• **Problem**: Copy out exactly the lines from the one containing "CG咖-盆栽模型绿植模型花盆模型" through the end of the records, and no pictures.

Records drawn from a dataset:
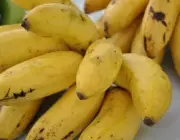 Banana Caipira 4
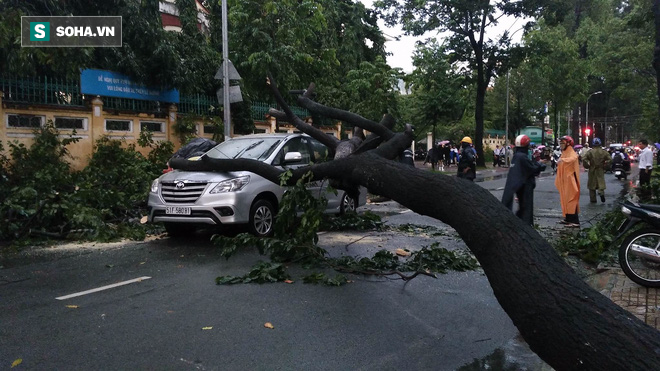 Sài Gòn mưa trắng trời ngày thứ 3 liên tiếp, cây đổ đè ô tô - Ảnh 1.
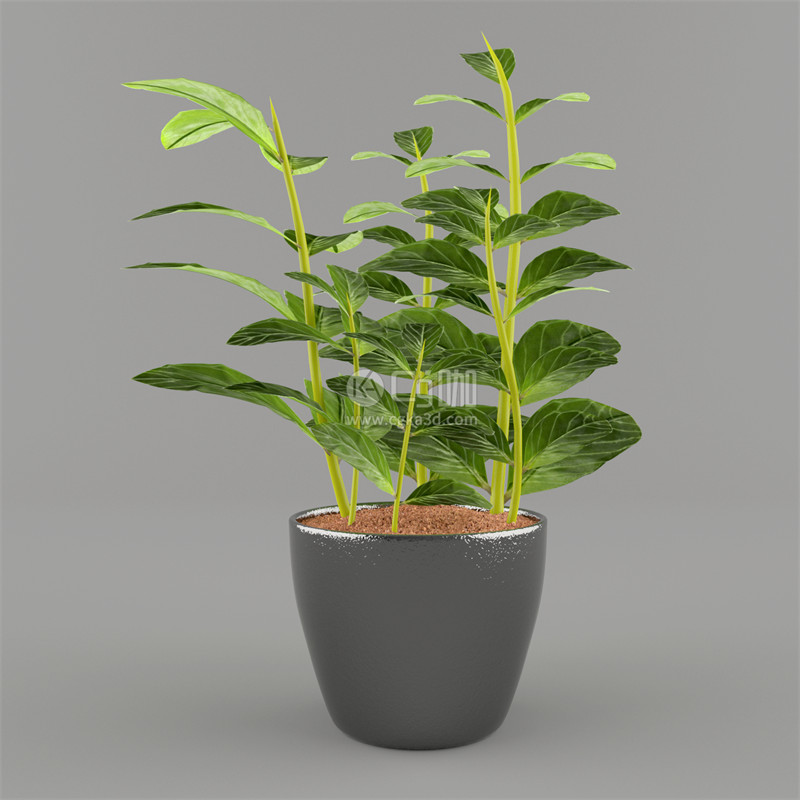 CG咖-盆栽模型绿植模型花盆模型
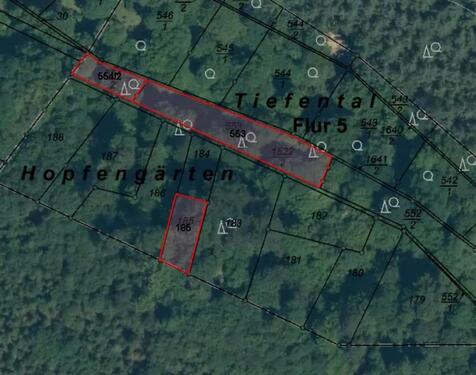 Foto - Grundstück zur Miete in Nauort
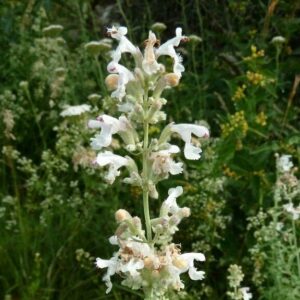 Nepeta nepetella ssp. aragonensis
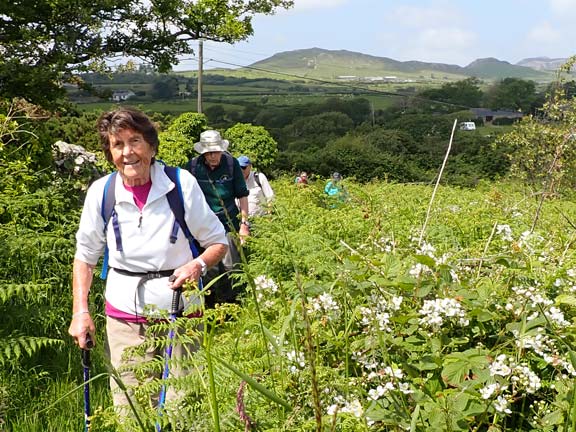 5.Llanbedrog - Wern Fawr
6/6/24.  The path leaves the tarmac and leads us along the side a field of bracken.  Garn Fadryn in the background.
Keywords: Jun24 Thursday Christine Evans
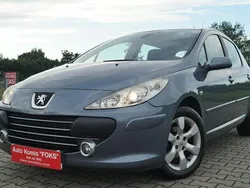 Szary Używany 2006 Peugeot 307 Hatchback | 7500 zł (Uczciwa cena)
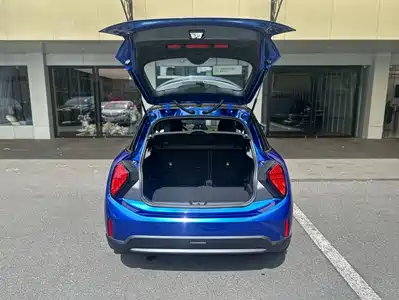 MINI MINI 2025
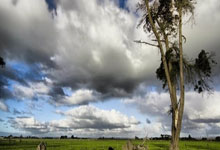 3比1击败中国 印尼首夺亚洲羽毛球混团赛冠军.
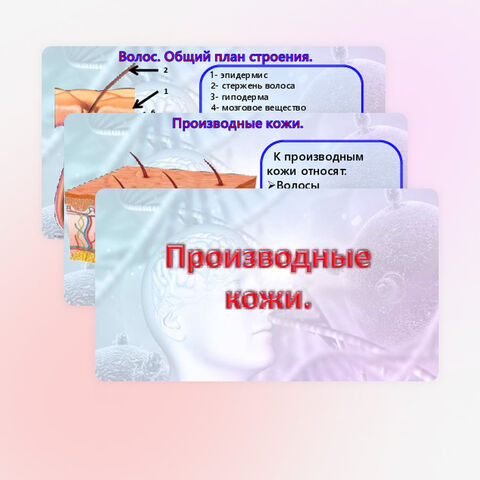 Презентация «Производные кожи», «Кожа и ее производные». Биология 9 класс. (углубленный уровень).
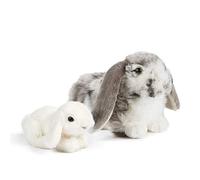 Living Nature- Peluche AN499 Olandese Lop Ear Grey & Baby Bunny Gift Bundle, Bianco, Taglia Unica, Colore White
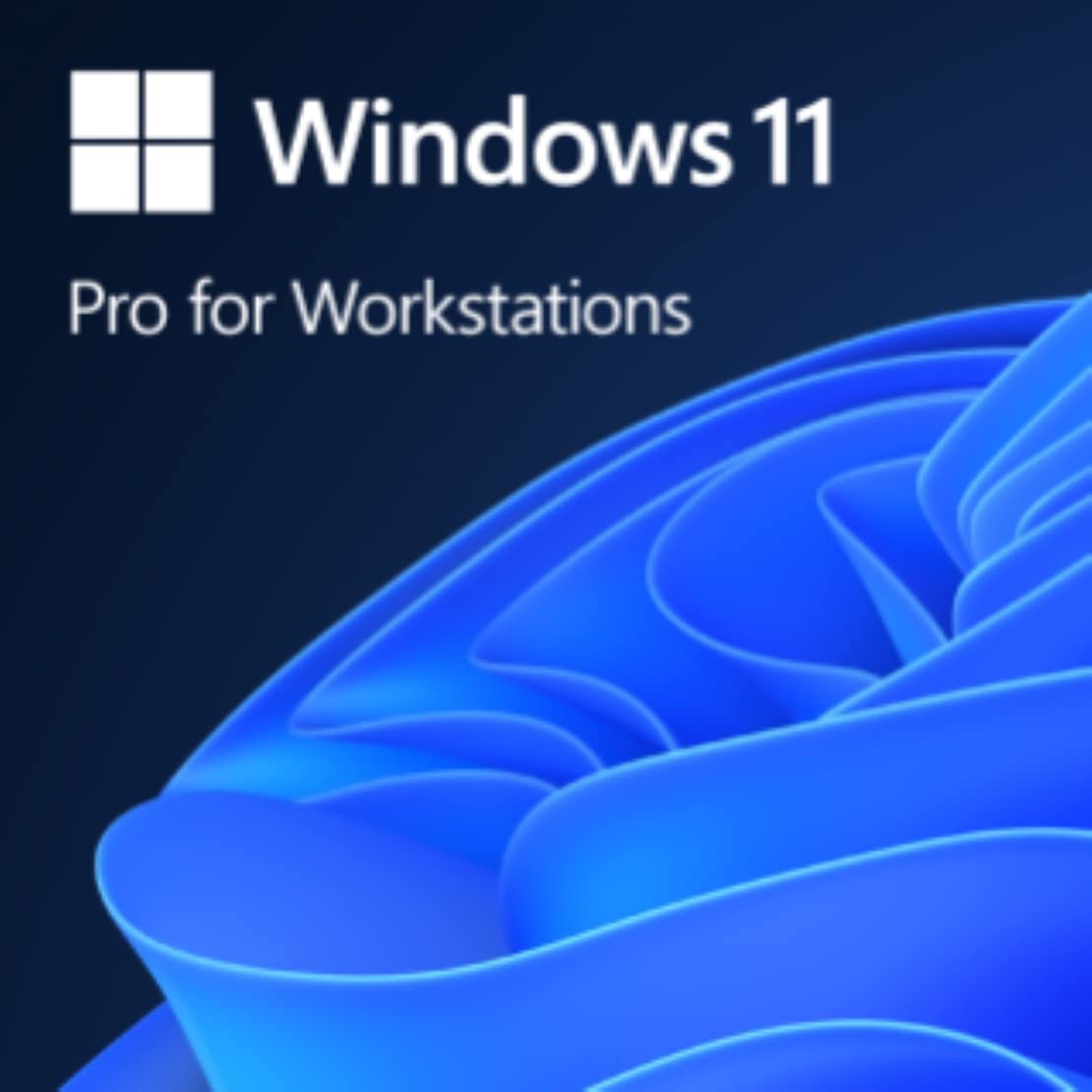 Windows 11Pro for Workstations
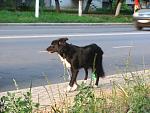     
: IMG_6723.jpg
: 23
:	155.7 
ID:	12148737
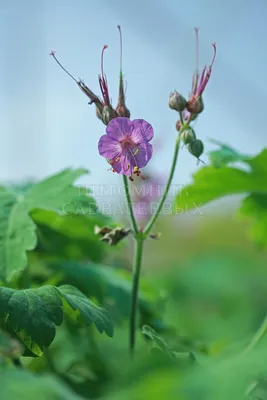 Герань крупнокорневищная (Geranium macrorrhizum) - Питомник и Садовый центр  Русские Деревья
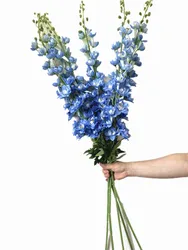 5pcs Artificial Larkspur Flower Branch Silk Hyacinth with Long Stem Blue Purple White Pink Large Delphinium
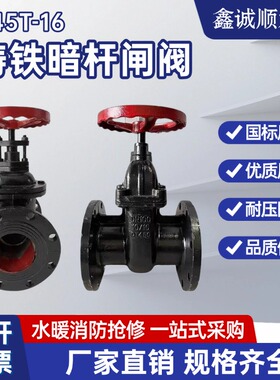 Z45T-10/16铸铁暗杆闸阀HT200铜芯闸门消防自来水法兰闸阀DN10080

• **Answer box**:
 CG咖-盆栽模型绿植模型花盆模型
 Foto - Grundstück zur Miete in Nauort
 Nepeta nepetella ssp. aragonensis
 5.Llanbedrog - Wern Fawr
6/6/24.  The path leaves the tarmac and leads us along the side a field of bracken.  Garn Fadryn in the background.
Keywords: Jun24 Thursday Christine Evans
 Szary Używany 2006 Peugeot 307 Hatchback | 7500 zł (Uczciwa cena)
 MINI MINI 2025
 3比1击败中国 印尼首夺亚洲羽毛球混团赛冠军.
 Презентация «Производные кожи», «Кожа и ее производные». Биология 9 класс. (углубленный уровень).
 Living Nature- Peluche AN499 Olandese Lop Ear Grey & Baby Bunny Gift Bundle, Bianco, Taglia Unica, Colore White
 Windows 11Pro for Workstations
: IMG_6723.jpg
: 23
:	155.7 
ID:	12148737
 Герань крупнокорневищная (Geranium macrorrhizum) - Питомник и Садовый центр  Русские Деревья
 5pcs Artificial Larkspur Flower Branch Silk Hyacinth with Long Stem Blue Purple White Pink Large Delphinium
 Z45T-10/16铸铁暗杆闸阀HT200铜芯闸门消防自来水法兰闸阀DN10080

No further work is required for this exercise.